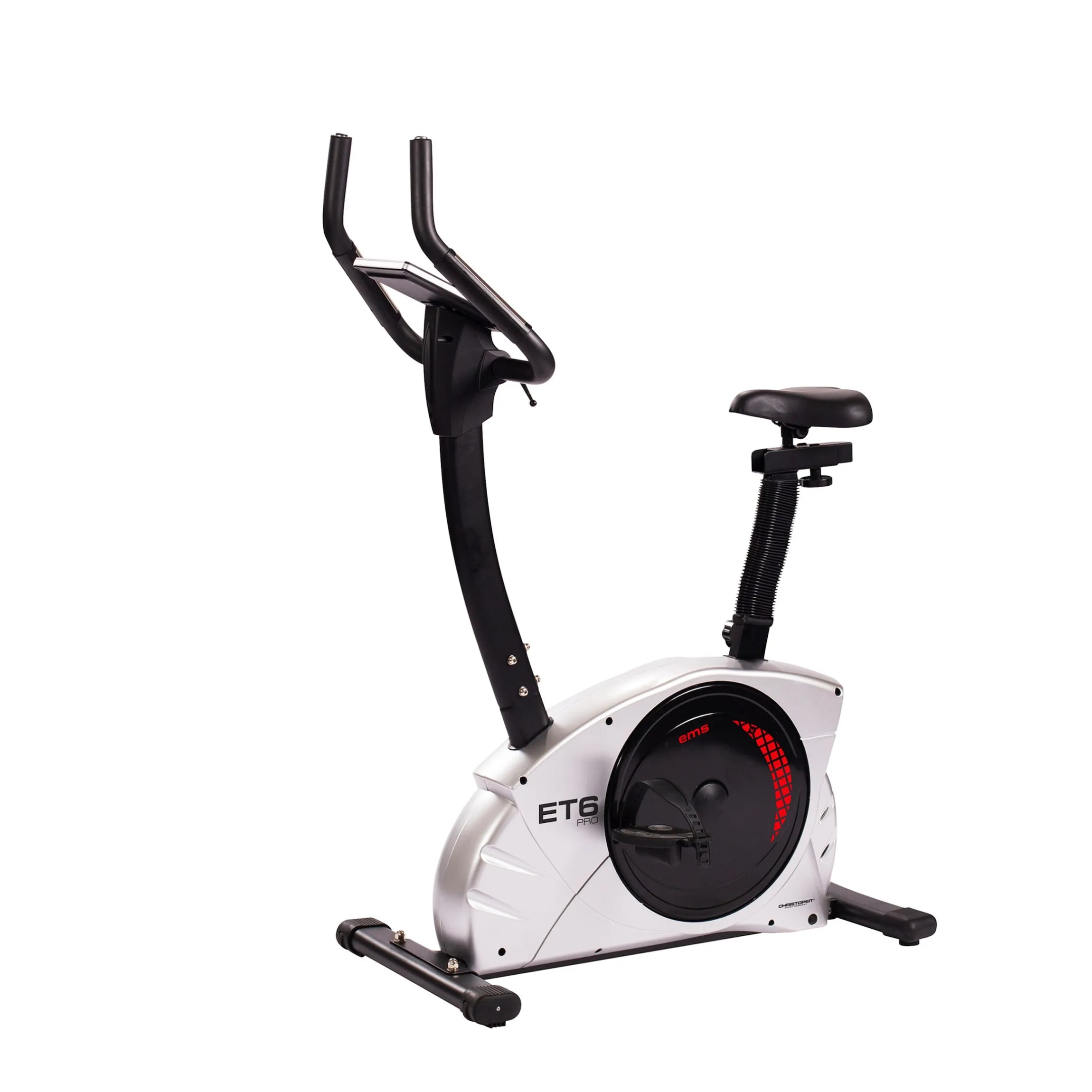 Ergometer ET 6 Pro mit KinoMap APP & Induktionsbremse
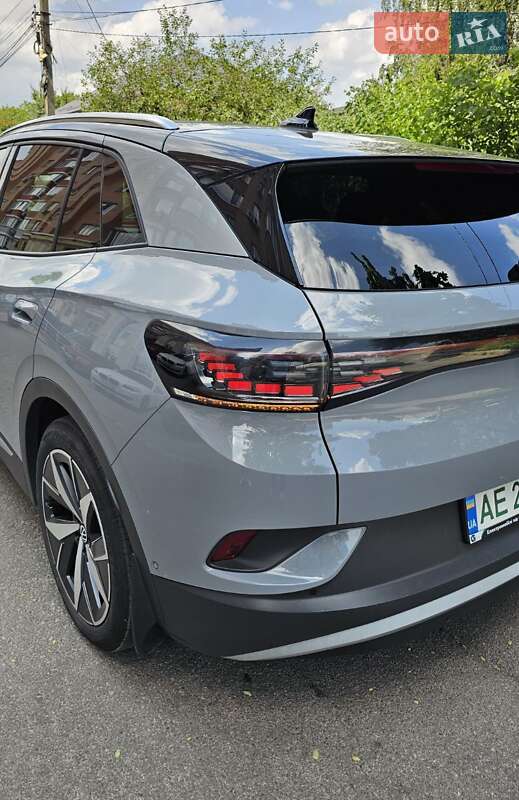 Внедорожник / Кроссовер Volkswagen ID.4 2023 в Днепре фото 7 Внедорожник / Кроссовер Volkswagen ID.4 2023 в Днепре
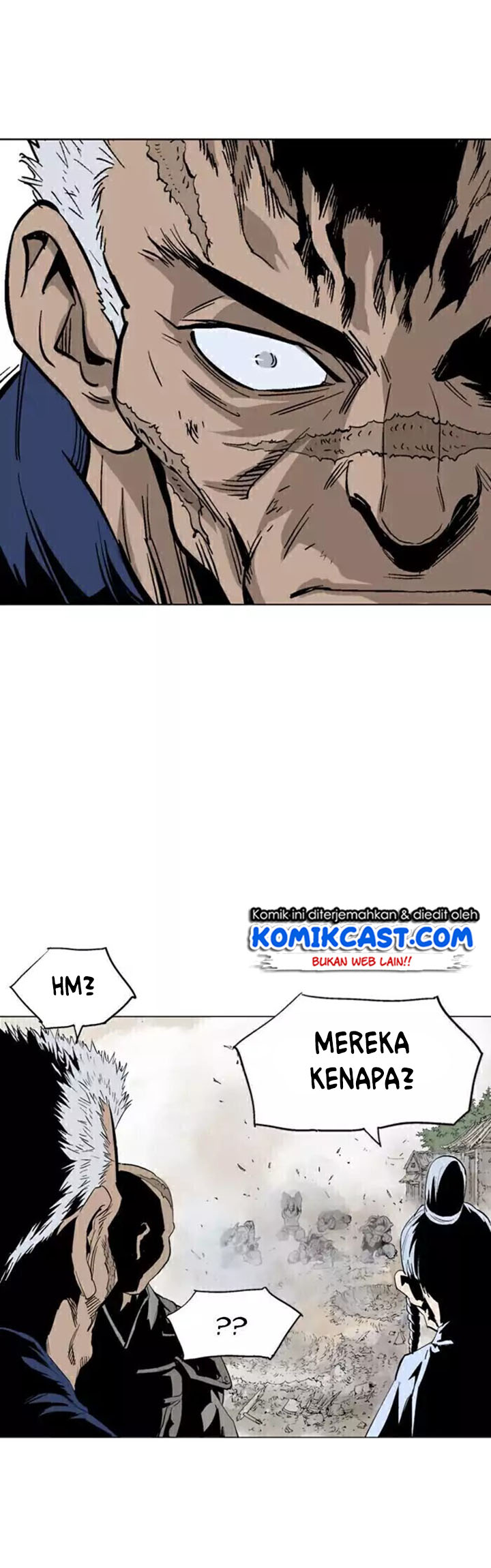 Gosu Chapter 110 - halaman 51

┄┄┄┄┄┄┄┄┄┄

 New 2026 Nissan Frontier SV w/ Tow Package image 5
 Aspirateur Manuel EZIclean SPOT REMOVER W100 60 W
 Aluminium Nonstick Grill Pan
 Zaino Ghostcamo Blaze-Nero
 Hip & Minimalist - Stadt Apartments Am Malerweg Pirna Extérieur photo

┄┄┄┄┄┄┄┄┄┄

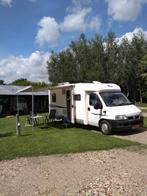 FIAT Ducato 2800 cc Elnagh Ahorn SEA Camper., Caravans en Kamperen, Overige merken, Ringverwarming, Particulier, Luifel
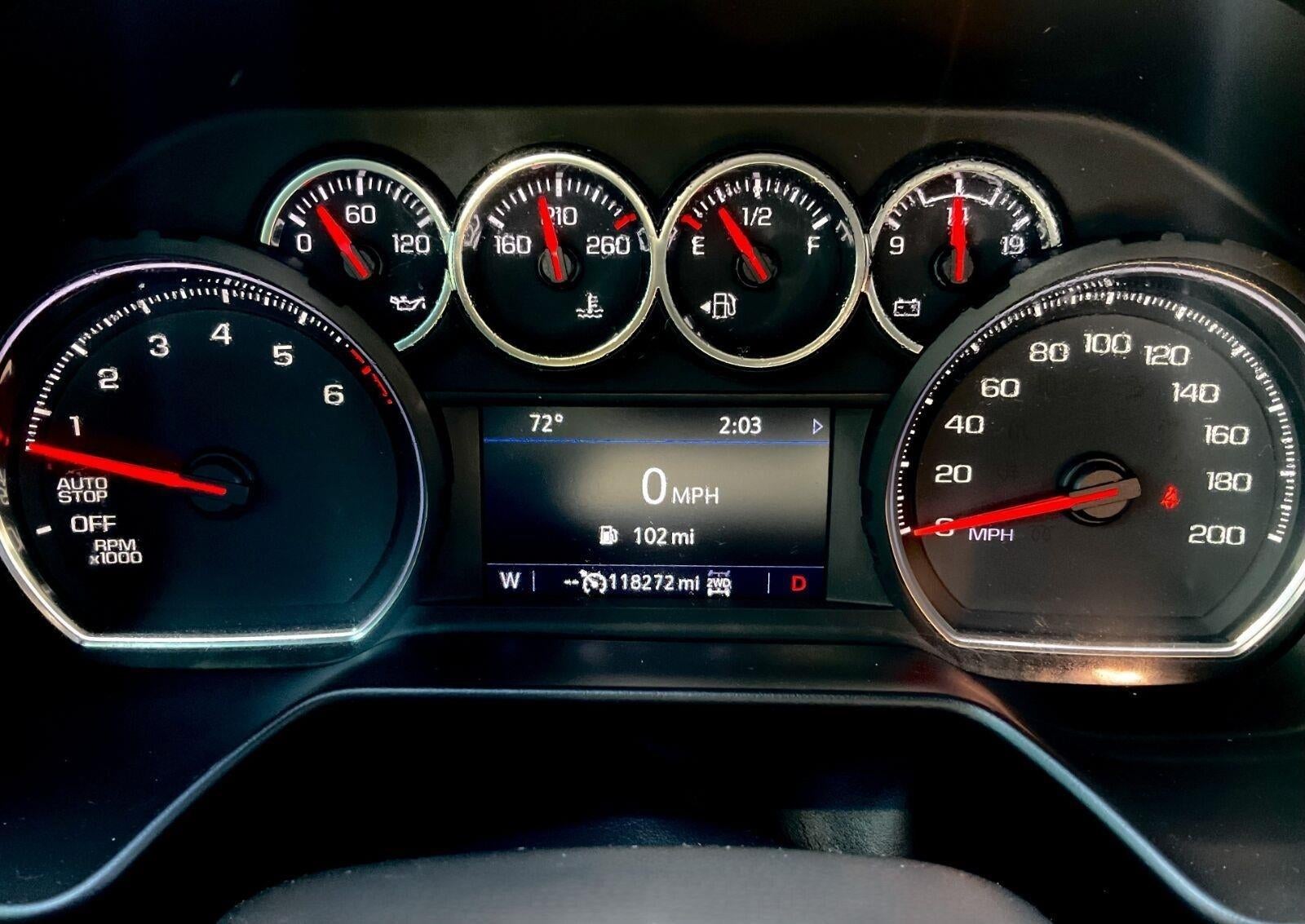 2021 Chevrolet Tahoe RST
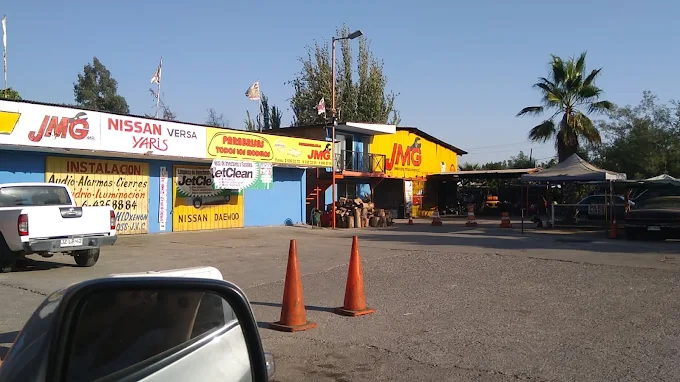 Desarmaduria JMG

┄┄┄┄┄┄┄┄┄┄

• _WHAT YOU SHOULD DO_
Output exactly those lines of the data above that run from the line with "FIAT Ducato 2800" up to and including the line with "Desarmaduria JMG". No pictures go in.

• _RESULT BELOW_
 FIAT Ducato 2800 cc Elnagh Ahorn SEA Camper., Caravans en Kamperen, Overige merken, Ringverwarming, Particulier, Luifel
 2021 Chevrolet Tahoe RST
 Desarmaduria JMG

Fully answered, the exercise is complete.